Skip to content

https://ecosystem.delphix.com/docs/main/sensitive-data-discovery-with-delphix

Sensitive Data Discovery with Delphix

This section describes a solution template you can use to identify sensitive data columns from any data source using the Delphix Continuous Compliance Engine. For a high-level overview, refer to the Azure Architecture Center documentation.

Prerequisites

  1. Azure subscription - If you don’t have an Azure subscription, create a free Azure account before you begin.
  2. Delphix Continuous Compliance Engine - You must purchase a Delphix Continuous Compliance Engine. If you don’t have a Delphix Continuous Compliance Engine, create a Delphix Continuous Compliance Engine in Azure and register your engine. Refer to Azure Installation for more details on installing and configuring a Delphix Continuous Compliance Engine in Azure.
  3. Logic app for fileformat upload - Make sure that the Azure subscription supports the creation of consumption plan-based logic app resources.
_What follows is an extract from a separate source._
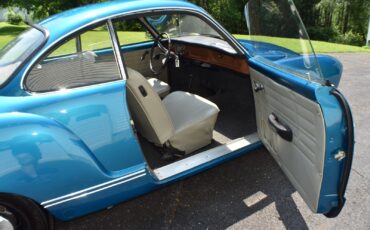 Volkswagen-Karmann-Ghia-1969-Coupe-22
The following are the steps for generating a logic app for fileformat upload:

    • Click the Deploy to Azure button below to deploy this logic app in your Azure account. This step redirects to the custom deployment form for the logic app.
      Deploy to Azure
    • Select the resource group, region, and workflow name. Click review & create.
    • Once the logic app is generated and deployed, the URL can be retrieved from the step When an HTTP request is received. Click the Designer section to view the steps of the Logic App.
    • [Required] Copy the URL for the logic app from the value of the field HTTP POST URL. This URL is used as an input parameter for the Sensitive Data Discovery with Delphix pipeline.
  4. Azure Key Vault - Username & Password to login into the Delphix Continuous Compliance Engine should be present in the Azure Key Vault. Adequate permissions must be provided to access both the username and password information.
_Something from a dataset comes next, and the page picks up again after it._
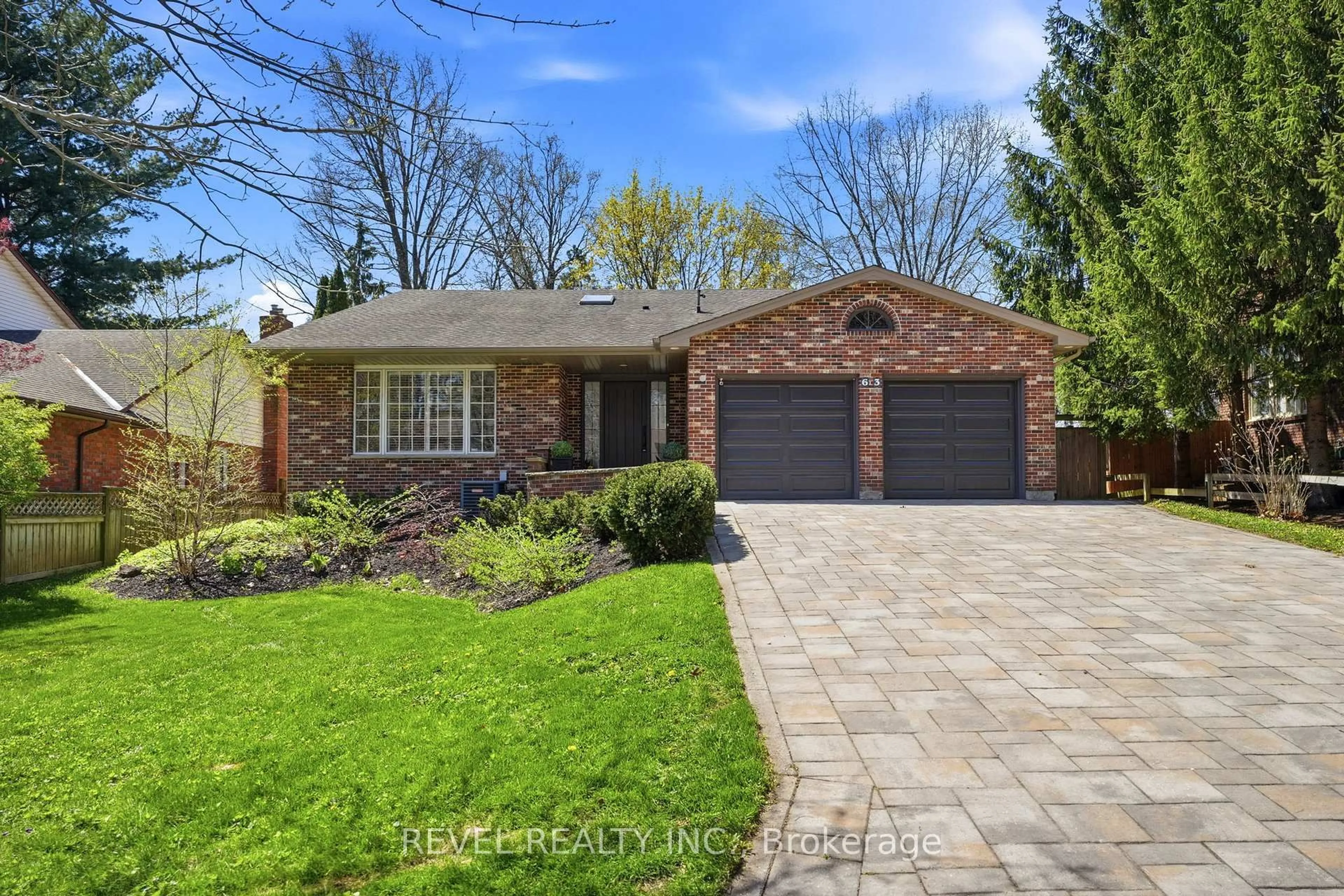 Home with brick exterior material, street for 63 Millbridge Cres, Pelham Ontario L0S 1E1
  5. Source Dataset - A source dataset containing unmasked data that can be connected from the ADF pipelines.
  6. Storage Account - A storage account with containers, a fileshare, and permissions to create the directories.
  7. FileShare - A FileShare to host the extracted source csv files and the masked target csv files that is required for the RuleSet creation. Ruleset creation will serve as a pre-requisite for Delphix’s Masking Job.
  8. Linked Service(s) - Linked Service to connect to source dataset, fileshare, and intermediate containers.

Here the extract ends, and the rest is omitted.